Software Engineer - Data Engineering
Clarivate
We are hiring a Software Engineer with strong AI, LLM, and Prompt Engineering capabilities to support the development of advanced analytics and healthcare intelligence products within the DIA (Disease Intelligence & Analytics) team. This is a hands‑on engineering role where you will work across Python, LLM frameworks, prompt optimization, Pyspark, AWS, and ETL systems to build AI-ready data and insight-generation platforms. You will collaborate with a 10–15 member cross-functional product team—including engineers, data scientists, analysts, QA, and product leaders—to build production-grade solutions that transform healthcare data into actionable intelligence.
About You - Experience, Skills & Qualifications
(0-2) years of experience with Python and/or Pyspark
Hands-on experience with LLMs (OpenAI, Claude, Llama, etc.) and prompt engineering techniques
Strong ETL development experience with automated data workflows
Experience integrating AI/LLM-based components into production systems
Knowledge of RAG pipelines, embeddings, vector stores, fine‑tuning, and evaluation frameworks
Experience designing scalable data pipelines using SQL Server, Postgres, or similar databases
Ability to optimize data systems for performance, reliability, and high-volume workloads
Exposure to AWS cloud services (S3, Lambda, RDS, ECS, Bedrock preferred)
Strong analytical, problem-solving, and communication skills
Passion for AI-driven engineering, automation, and innovation
What you will be doing in this role?
Build AI-enabled data pipelines optimized for analytics, ML insights, and automated decision support
Design and refine prompts, system instructions, and AI workflows to improve accuracy and output quality
Implement RAG workflows, model orchestration, and intelligent data retrieval systems
Develop cloud-based distributed data systems using AWS (S3, RDS, Lambda, IAM, Step Functions)
Build microservices and utilities that leverage LLMs for summarization, classification, pricing logic, and insight generation
Enable AI-ready data layers to support predictive and prescriptive analytics
Implement monitoring for pipeline performance, model drift, and AI reliability
Ensure data governance, lineage, security, and compliance across the product ecosystem
Products You will be developing
DIA develops AI-augmented Disease Intelligence platforms that turn raw healthcare data into insights. You will contribute to systems that enable automated reporting, prediction modeling, pricing analytics, strategic recommendations, and real-time intelligence. Your code will not just run workflows—it will make systems think, reason, and provide insights at scale.
About the Team
The DIA (Disease Intelligence) team consists of 10–15 highly collaborative members including developers, QA engineers, analysts, and product leaders.
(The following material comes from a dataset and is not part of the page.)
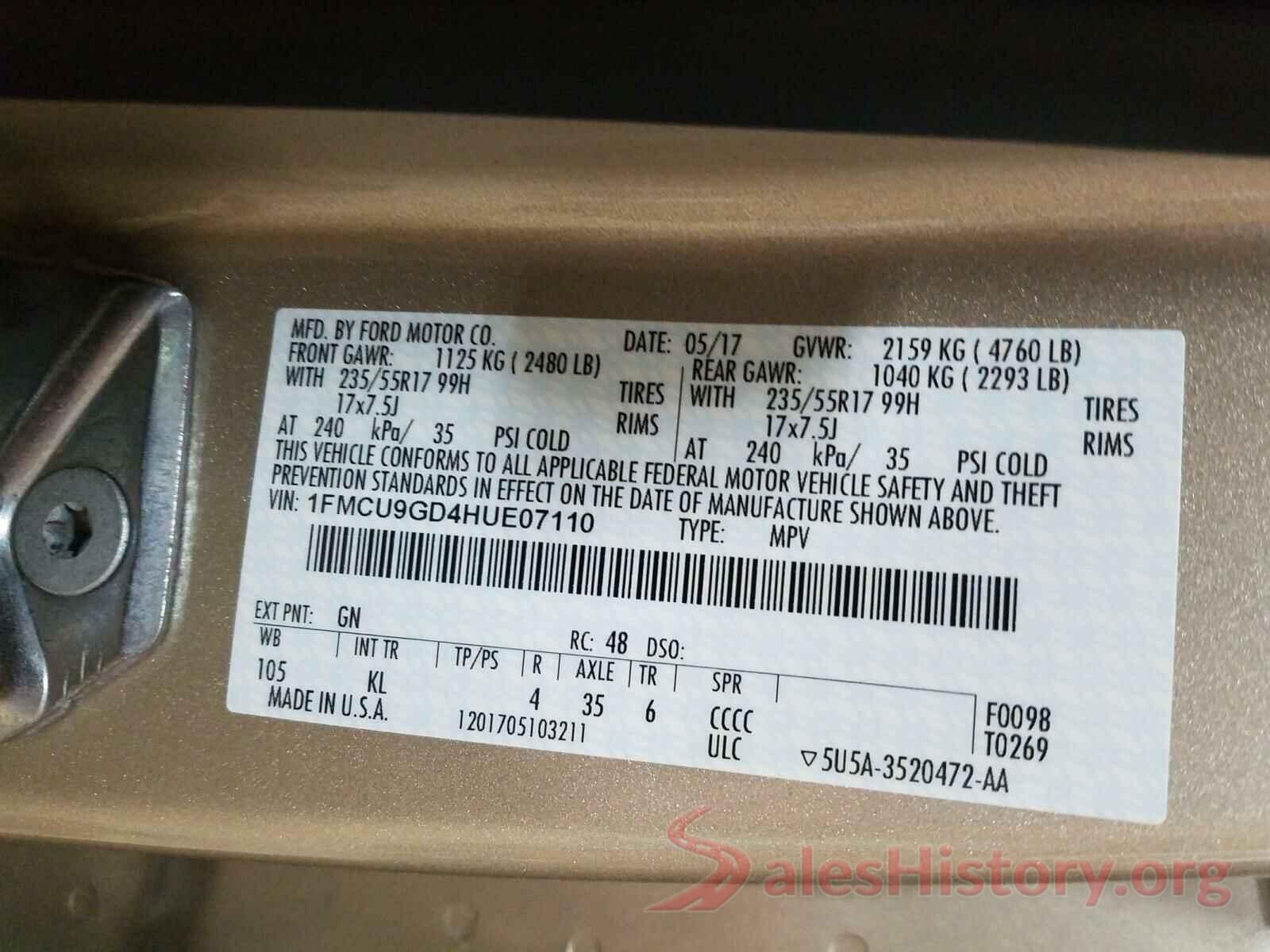 1FMCU9GD4HUE07110 2017 FORD ESCAPE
We build multiple healthcare products designed for advanced analytics, automated insights, and intelligent reporting.
Hours of Work
Full-time permanent role (45 hours/week) with a hybrid working model and standard business hours.
At Clarivate, we are committed to providing equal employment opportunities for all qualified persons with respect to hiring, compensation, promotion, training, and other terms, conditions, and privileges of employment. We comply with applicable laws and regulations governing non-discrimination in all locations.